Writings by Cole Huffman

Huff the Magnificent

Ask me what I remember from visiting Jerusalem last year and I’ll tell you what happened in Memphis. Unto us a child was born, our grandson Huffman.

We got word his mother was in labor as we entered the Garden of Gethsemane, the place Jesus sweated blood. Maybe the closest I’ll ever come to feeling stress like that is the day my barely 21-year-old son told me a girl was pregnant with his baby. (Colson provided some comic relief later: “I’m going to be an uncle? At 11!”)

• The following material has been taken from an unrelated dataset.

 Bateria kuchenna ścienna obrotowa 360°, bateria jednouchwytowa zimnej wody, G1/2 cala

I knew the baby would need grandparents to love him or her. But would the mother, unknown to us then, want me applying for the job? She did and has become part of our family.

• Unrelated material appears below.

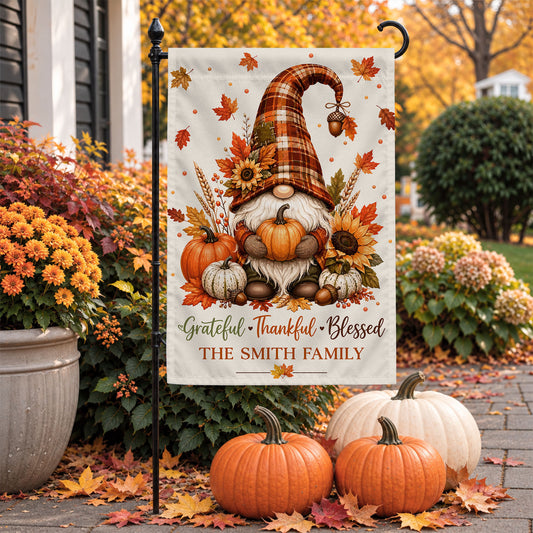 Personalized Thanksgiving Family Flag, Gnome Fall Garden Custom Family Name, Outdoor Decor Gift For Family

I chose the Thanksgiving Eve service two years ago to tell the church Lynn and I were grandparents in waiting. Paul’s word to the Thessalonians was my text: Give thanks in all circumstances. Need I underscore “all”? It’s easy to be grateful when gifts are delivered pleasantly, but pain can also be God’s courier. Beauty for ashes requires something burn down, in this case that little shed in which I stored all my uncomplicated versions of how family life should go.

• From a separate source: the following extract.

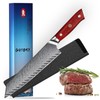 8 Inch Damascus Chef Knife, Feather Pattern Blade, Full Tang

A ministry leader I knew in college had a son with Down syndrome. When they discovered the condition prenatally, they shared it with family and friends. Some expressed sorrow. “What is there to be sorry about?” he would say to them. God was giving them a son to love and be loved by, the son He wanted them to have, just as he was.

Frederick Buechner referred to Jacob walking with a limp, after his night spent wrestling God, as “the magnificent defeat.” Addiction cycles, intractability, children born out of wedlock—many experience these things as kinds of defeat. But if God is always doing more than we know, something magnificent can emerge from what seems like defeat.  

P. D. East was a journalist from yesteryear. An agnostic who held the church responsible for racism in the South, East could be aggressive with Christians. In Brother to a Dragonfly, Will Campbell says East badgered him once as they drove through Mississippi: “In ten words or less, what’s the Christian message? Let me have it! Ten words!” Campbell, a Methodist minister, replied: “We’re all bastards, but God loves us anyway.”

It was an arrow of an answer, because what Campbell didn’t know was that East was born to a single mother who didn’t want him. East didn’t find that out until he was 21, when his mom, who adopted him, finally told him about his origins. East bore that as a stinging shame all his life.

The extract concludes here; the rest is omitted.